Walking around Mexico City’s Centro Histórico is a real treat. Wondering why? Well, besides the many museums and Artesanias, the streets are full of different street performers. They all add something special to your day. You’ll see live musicians, energetic rappers, and funny comedians, all showing off their talents.
I remember my first trip to Centro Histórico. It was a sunny day, and I was on my way to the biggest Zócalo in the country. Along the way, I noticed something interesting: the Organ Grinders, or Organilleros, as they call them locally. They played Mexican music on barrel organs and wore “Golden Villa” outfits. They dress like this because they used to be with General Pancho Villa’s soldiers during the Mexican Revolution. So, we can say these Organ Grinders are part of Mexico’s history.
The music they played was lovely, you could recognize the melodies even from a distance and it was a unique experience for me. During special events like Independence Day or Dia de Muertos, they might wear Mexican clothes or paint their faces.
But to be frank, after a few visits, the excitement started to fade.
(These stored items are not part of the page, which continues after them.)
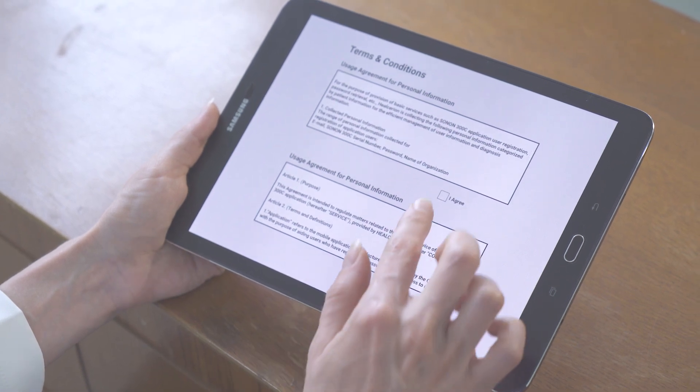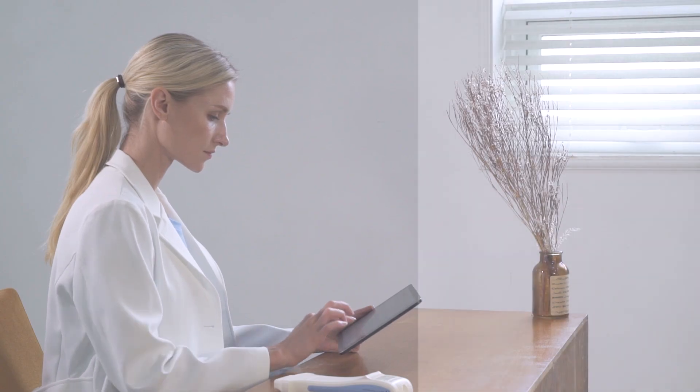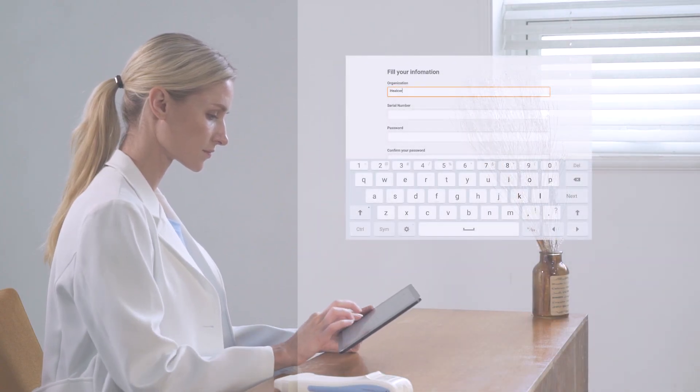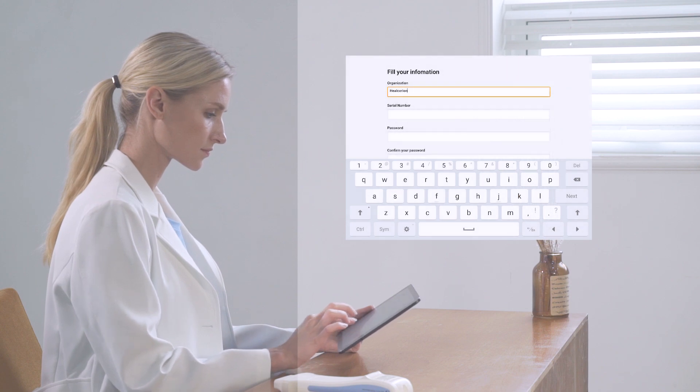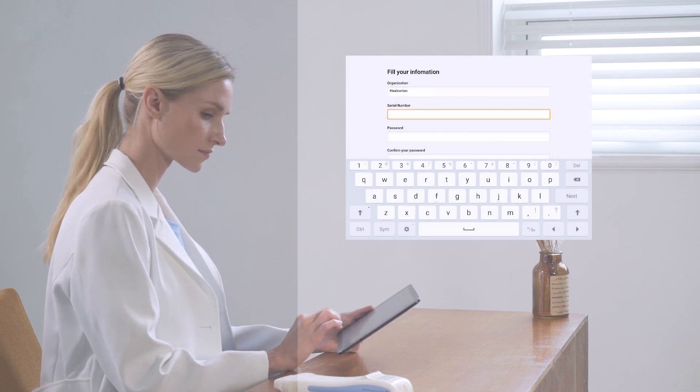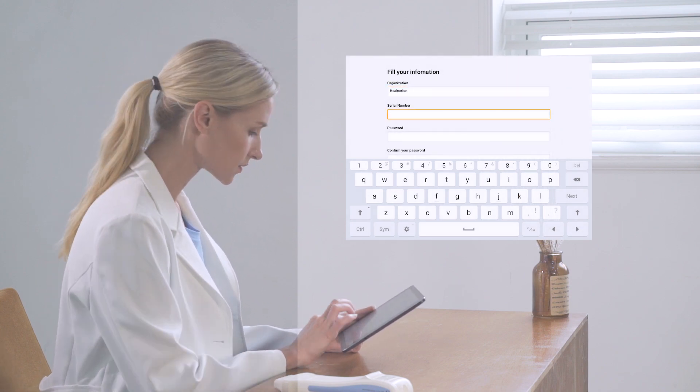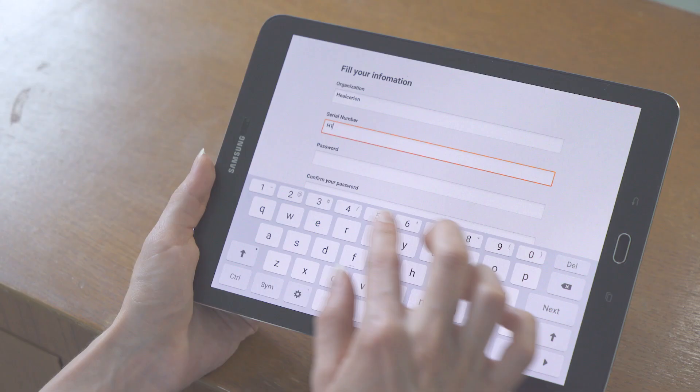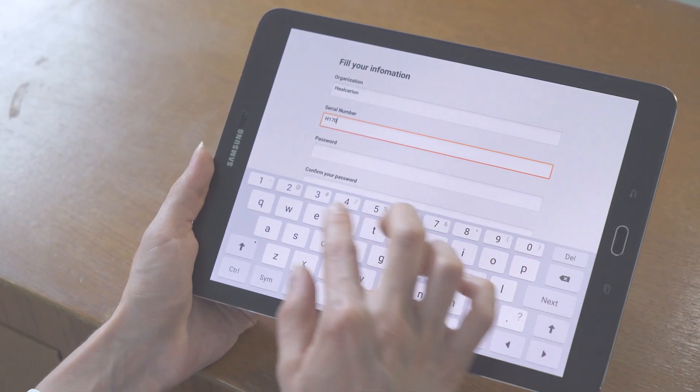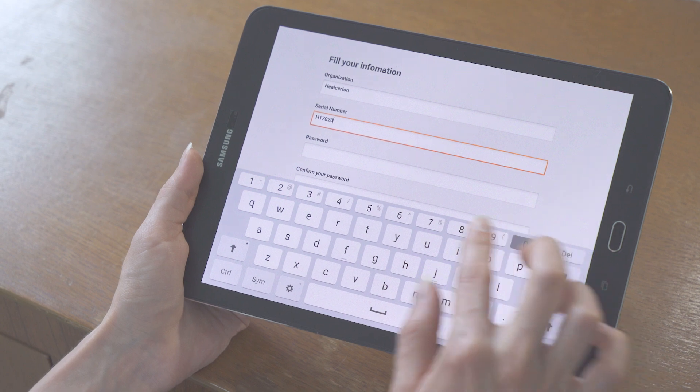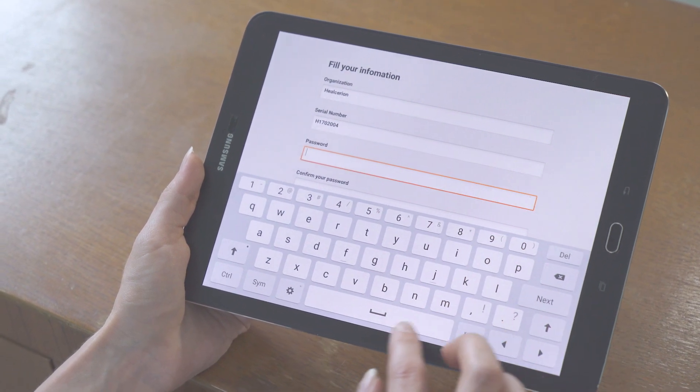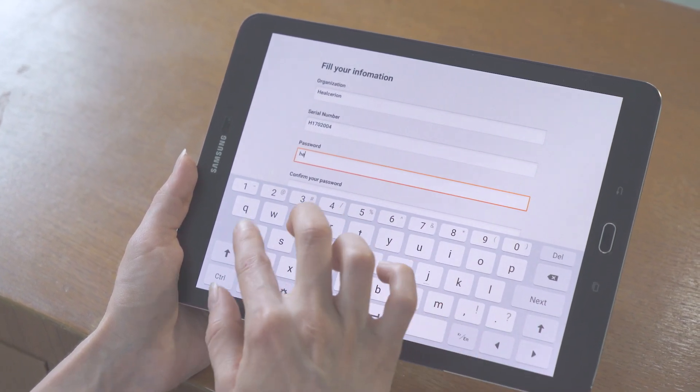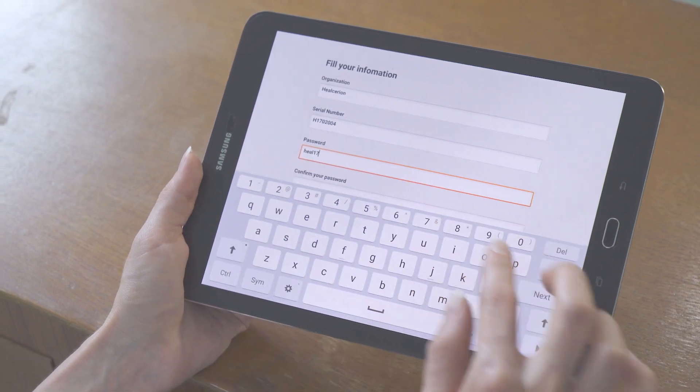Then, agree to the terms and conditions, then fill in the required information for registration of the device. The password on the app is different with the Wi-Fi password.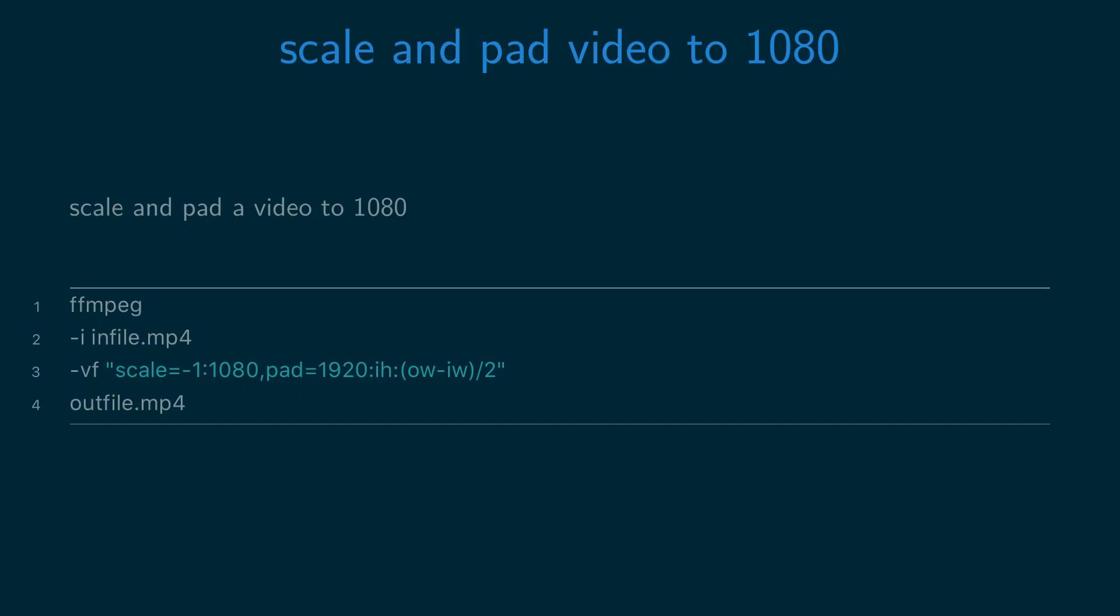You can resize a video to 1080p by scaling and padding it with ffmpeg. You do this by running ffmpeg -i [infile] -vf "scale=-1:1080,pad="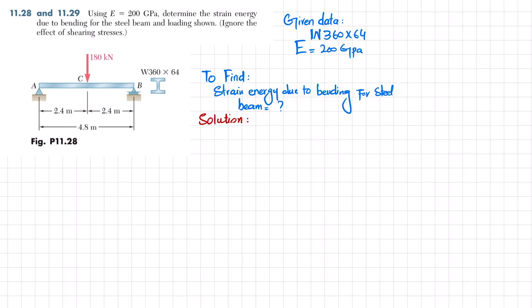Let's start with the solution. First, I'll assume this load is represented as P, the total length is L equal to 4.8 meters, and the distance 2.4 m is basically L/2. We'll keep things general and substitute numerical values at the end to make the problem easier to follow.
Not just for me but for others too. How did I find out? Well, I saw that other street performers were getting bigger crowds. People were dancing and giving them money, while the Organilleros didn’t draw as much attention.
So, I wondered why this once-captivating street show was losing its appeal. There could be a few reasons. While their performance connects us to Mexican history, it’s become just another form of entertainment today. One reason might be that there are so many street performers in Centro Histórico now, so they have a lot of competition for attention and financial support.